The bravura opening – a partial tracking shot, partial ballet featuring the white, delinquent Jets led by Riff (Mike Faist) stealing paint from the building site of the Lincoln Center in Manhattan and making their way uptown to deface the Puerto Rican flag on 72nd Street – sets up the central conflict between two social groups with distinctly oppositional outlooks. The Puerto Rican Spanish-speaking residents are focussed on being integrated, with dreams of moving into new housing units. The Jets resent the gentrification of their neighbourhood, with Spanish-speaking businesses replacing those run by the descendants of Polish and Irish immigrants. Interestingly, Spielberg – himself a low-culture guy – shows high culture being one of the drivers of slum clearance that the Jets resent. For its own part, West Side Story is a blend of high and low culture that takes as its departure point the plot of William Shakespeare’s Romeo and Juliet but stumbles trying to replicate its twists.

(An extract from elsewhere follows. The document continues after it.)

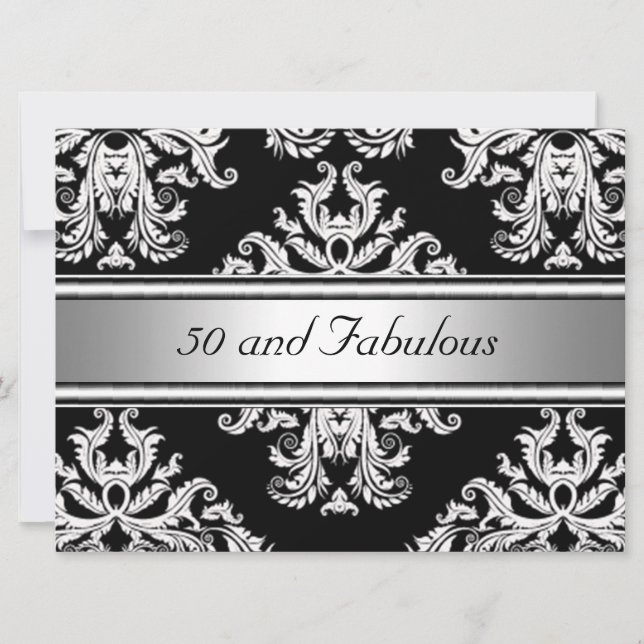 Invitación 50 y Fabulosa Fiesta de Cumpleaños Damask (Anverso)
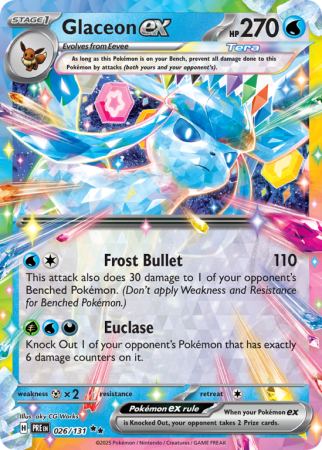 Pokémonkaart Glaceon ex nummer 26/131 uit de set Prismatic Evolutions (Scarlet & Violet)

The film’s Romeo, Tony (Ansel Elgort, fresh from his success in Baby Driver), is a damaged anti-hero. Newly released from prison – he was sentenced for a year for almost killing a man – Tony is determined to abandon violence. The extremely tall Elgort looks suitably different from the other Jets. Maria (Rachel Zegler), his Puerto Rican love interest, is the sister of head Shark Bernardo (David Alvarez), a young boxer. They live with Bernardo’s girlfriend, Anita (Ariana DeBose, in a role made famous by Rita Moreno). Moreno herself appears as Valentina, Tony’s employer. She attempts to exert a positive influence. Tony and Maria meet at a school dance, the former breaking curfew with apparently no consequence.
The attraction between Tony and Maria ignites a gangland war, though Riff and his pals, spoiling for a fight, need no such catalyst. Jets and Sharks confront each other in a warehouse amongst salt stacks, where Tony’s attempt to diffuse the situation makes things worse.
The faults of the film are entirely down to the plotting, with the original book writer, Arthur Laurents, hidebound by Shakespeare. The saving grace, by some distance, are the musical numbers. It is a real pleasure to hear Stephen Sondheim’s lyrics (set to Leonard Bernstein’s music) clearly enunciated. They deepen the film’s themes and move the action along.
The film is clearly on the side of the Sharks, yet Maria rejects her Puerto Rican accountant date, Chino (Josh Andrés Riviera) in favour of Tony. We don’t completely believe in Tony and Maria’s attraction. Their romance is clearly intended to heal the rift between the two gangs – and society in general – but Spielberg and his screenwriter, Tony Kushner, don’t sufficiently problematise the Sharks.
The police are a central presence, breaking up fights and reminding the Jets that other white folks will move into condominiums with Puerto Ricans serving as doormen. However, the ‘Hey Officer Krupke’ song satirises society’s treatment of juvenile delinquency as the Jets embrace environmental determinism.
The finale doesn’t have the emotional impact of Spielberg’s best work, but the film has numerous pleasures, including full frame shots of the dance numbers. Most of the musical set pieces are rooted in story points, though Maria’s department store performance of ‘I Feel Pretty’ is superfluous. For the number to work, Maria would have to be portrayed as less attractive than the other neighbourhood girls and more neglected, so that Tony sees in her something that other Puerto Rican boys do not.
You won’t cry at the end of Spielberg’s remake. However, you will still be entertained.